There are a host of applications in communications, sensing, and science, in which analogue signal transmission is preferred over today’s dominant digital transmission. In some of these applications, the advantage is in lower cost, while in others, it lies in superior performance. However, especially for longer analogue photonics links (up to 10 s of km), the performance is strongly limited by the impairments arising from using standard single-mode fibres (SSMF).

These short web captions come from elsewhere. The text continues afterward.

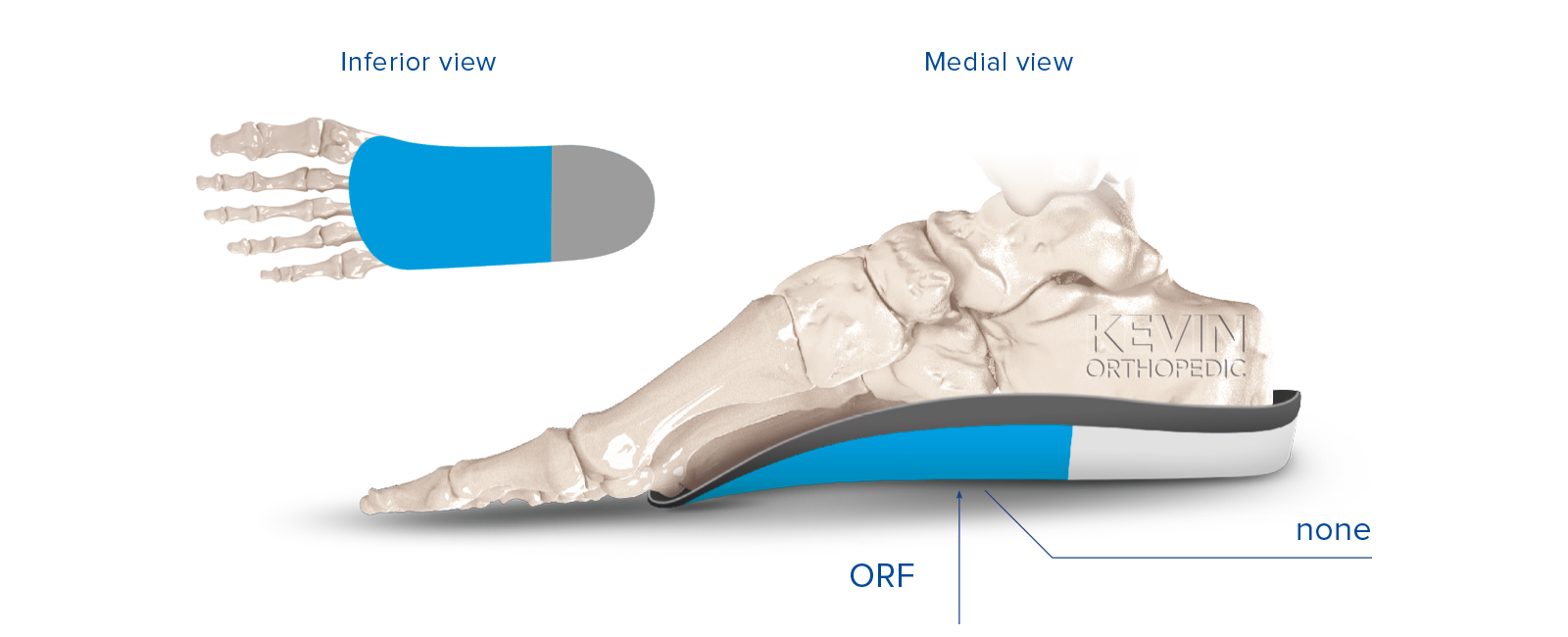 THE CLINIC GUIDE: FRAME MODIFICATIONS - Filler Skive – Kevin Orthopedic ...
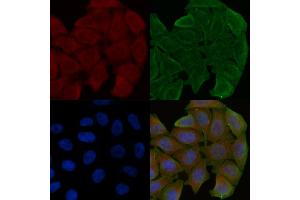 ABIN6259458 and ABIN6275227 staining Hela cells(30 min of UV treatment) by IF/ICC. (MBTPS1 抗体  (Internal Region))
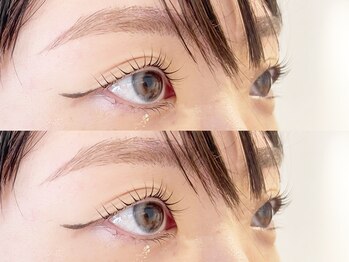 ロヌ(RONU)/ラッシュリフト＋アイブロウ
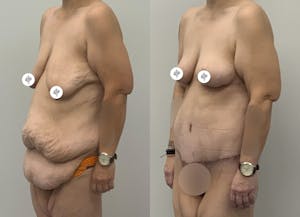 This is one of our beautiful tummy tuck patient 16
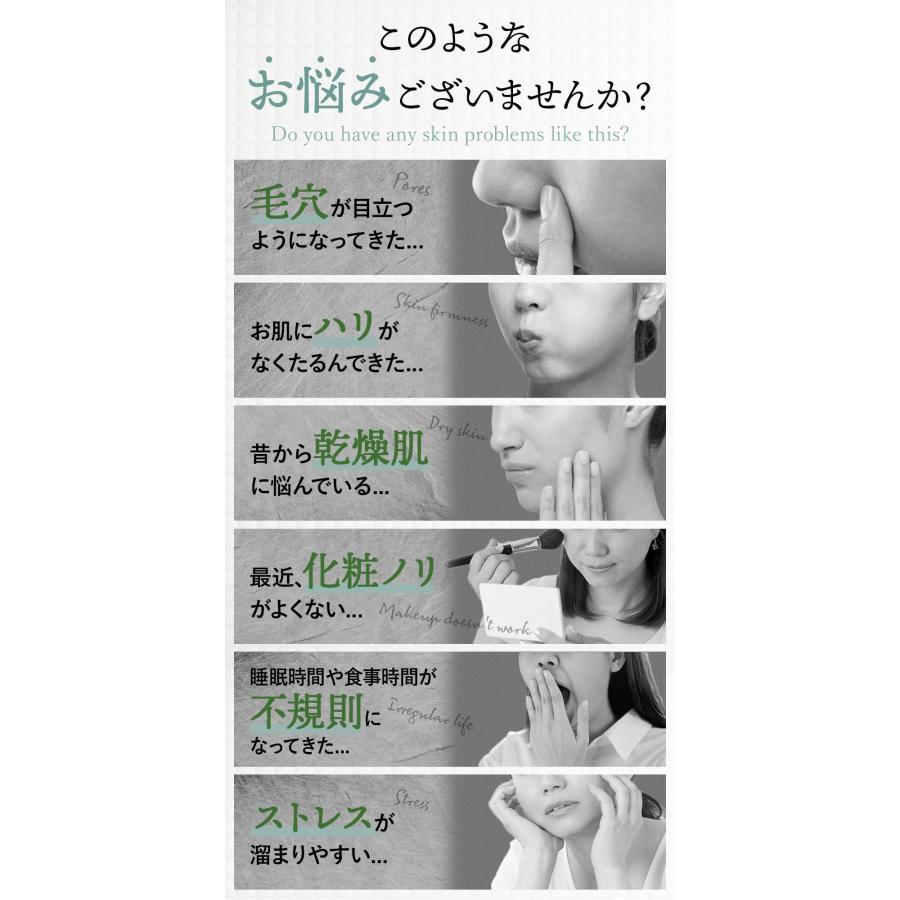 CBD スキンクリーム カンナビジオール 高配合 CBDクリーム くすみ 乾燥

Firstly, the three key metrics of analogue links (loss, noise figure, and dynamic range) tend to improve with received power, but this is limited by stimulated Brillouin scattering in SSMF. Further degradation is due to the chromatic dispersion of SSMF, which induces radio-frequency (RF) signal fading, increases even-order distortions, and causes phase-to-intensity-noise conversion. Further distortions still, are caused by the Kerr nonlinearity of SSMF. We propose to address all of these shortcomings by replacing SSMFs with hollow-core optical fibres, which have simultaneously six times lower chromatic dispersion and several orders of magnitude lower nonlinearity (Brillouin, Kerr). We demonstrate the advantages in this application using a 7.7 km long hollow-core fibre sample, significantly surpassing the performance of an SSMF link in virtually every metric, including 15 dB higher link gain and 6 dB lower noise figure.

Item Type: Article
Uncontrolled Keywords: 0205 Optical Physics
Subjects: Q Science > Q Science (General)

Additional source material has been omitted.